[Work to be completed]: Take the records below and write them out again exactly.

++++ Input for this task ++++

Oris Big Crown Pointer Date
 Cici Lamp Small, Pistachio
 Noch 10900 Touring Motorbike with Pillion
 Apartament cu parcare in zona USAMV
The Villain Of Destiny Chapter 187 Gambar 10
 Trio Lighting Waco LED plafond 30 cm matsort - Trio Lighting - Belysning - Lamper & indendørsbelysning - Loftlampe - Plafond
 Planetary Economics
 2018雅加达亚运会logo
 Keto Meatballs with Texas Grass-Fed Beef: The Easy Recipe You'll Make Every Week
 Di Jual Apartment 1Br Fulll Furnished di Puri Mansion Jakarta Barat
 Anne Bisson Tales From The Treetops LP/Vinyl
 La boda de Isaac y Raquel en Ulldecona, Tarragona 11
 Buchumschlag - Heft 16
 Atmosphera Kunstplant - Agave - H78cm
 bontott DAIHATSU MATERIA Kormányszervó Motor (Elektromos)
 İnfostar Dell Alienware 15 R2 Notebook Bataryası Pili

++++

[Response to the task]:
Oris Big Crown Pointer Date
 Cici Lamp Small, Pistachio
 Noch 10900 Touring Motorbike with Pillion
 Apartament cu parcare in zona USAMV
The Villain Of Destiny Chapter 187 Gambar 10
 Trio Lighting Waco LED plafond 30 cm matsort - Trio Lighting - Belysning - Lamper & indendørsbelysning - Loftlampe - Plafond
 Planetary Economics
 2018雅加达亚运会logo
 Keto Meatballs with Texas Grass-Fed Beef: The Easy Recipe You'll Make Every Week
 Di Jual Apartment 1Br Fulll Furnished di Puri Mansion Jakarta Barat
 Anne Bisson Tales From The Treetops LP/Vinyl
 La boda de Isaac y Raquel en Ulldecona, Tarragona 11
 Buchumschlag - Heft 16
 Atmosphera Kunstplant - Agave - H78cm
 bontott DAIHATSU MATERIA Kormányszervó Motor (Elektromos)
 İnfostar Dell Alienware 15 R2 Notebook Bataryası Pili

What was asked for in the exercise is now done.